Whether stamped with a royal seal during the Middle Ages or sent as puffs of smoke from a Native American’s campfire, wedding invitations have always hinted at the type of celebration to come. And that remains a primary purpose today. Right next to letting people know about the wedding!
Think about it: formal invitations engraved on heavy paper indicate one type of celebration, while a cowboy-boot-shaped card touting a Wild West theme will give another impression entirely. Both selections are equally acceptable. It’s just a matter of finding the style that will best reflect the nature of your upcoming celebration. Just make sure to include the following information: who, what, where, formality of dress and what kind of food and entertainment will be provided (for example, dinner and dancing will follow the ceremony).
Stationery stores are the most popular source for wedding invitations and an excellent place to start your search. You’ll be able to go through a wide variety of catalogues and get a look at literally hundreds of styles. Another option is to order your invitations through the same department store that you register with. You can also order direct from a printing company. This can be a great source if you’re looking for something really unusual. And it may be quicker and more affordable than placing a custom order.
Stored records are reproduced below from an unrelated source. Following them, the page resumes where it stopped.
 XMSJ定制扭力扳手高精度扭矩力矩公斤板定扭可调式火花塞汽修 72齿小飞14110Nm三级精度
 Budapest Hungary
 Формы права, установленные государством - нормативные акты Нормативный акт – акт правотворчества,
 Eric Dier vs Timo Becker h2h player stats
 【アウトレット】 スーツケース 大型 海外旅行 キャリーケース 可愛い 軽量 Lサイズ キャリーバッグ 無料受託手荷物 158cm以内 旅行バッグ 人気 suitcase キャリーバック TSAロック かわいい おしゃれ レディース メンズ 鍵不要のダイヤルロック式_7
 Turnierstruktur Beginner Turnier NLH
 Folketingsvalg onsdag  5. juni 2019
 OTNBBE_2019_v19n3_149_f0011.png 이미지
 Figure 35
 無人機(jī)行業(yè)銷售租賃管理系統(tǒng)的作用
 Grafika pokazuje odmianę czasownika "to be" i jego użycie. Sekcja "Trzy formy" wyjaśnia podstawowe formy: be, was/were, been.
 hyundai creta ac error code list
On the other hand, you might want to go to an independent print shop for help designing a one-of-a-kind creation. You can also produce the invitations yourself. With the right desktop publishing software, you can create almost anything you want at home. This option will save you money and offer you complete artistic freedom. If you have the equipment and the time, the possibilities are limitless!
Things to Consider
- Wording. Whether you follow tradition and use formal phrasing on the invitations or go for a more casual approach, it’s good to know what the etiquette is. A typical invitation includes the following:
- Host Line. With the increased number of blended and unconventional families, there are a lot of variations on this line these days. Traditionally, the bride’s parents were the hosts but now the groom’s parents often contribute too, so their names should appear on the invitation. Some couples host (pay for) the wedding themselves, so do the inviting, and add “together with their families”. This solves the issue of stepparents. Deaths, estrangements and divorces can also make wording problematic but with a bit of imagination (and perhaps a flick through a wedding etiquette book), you’ll figure it out.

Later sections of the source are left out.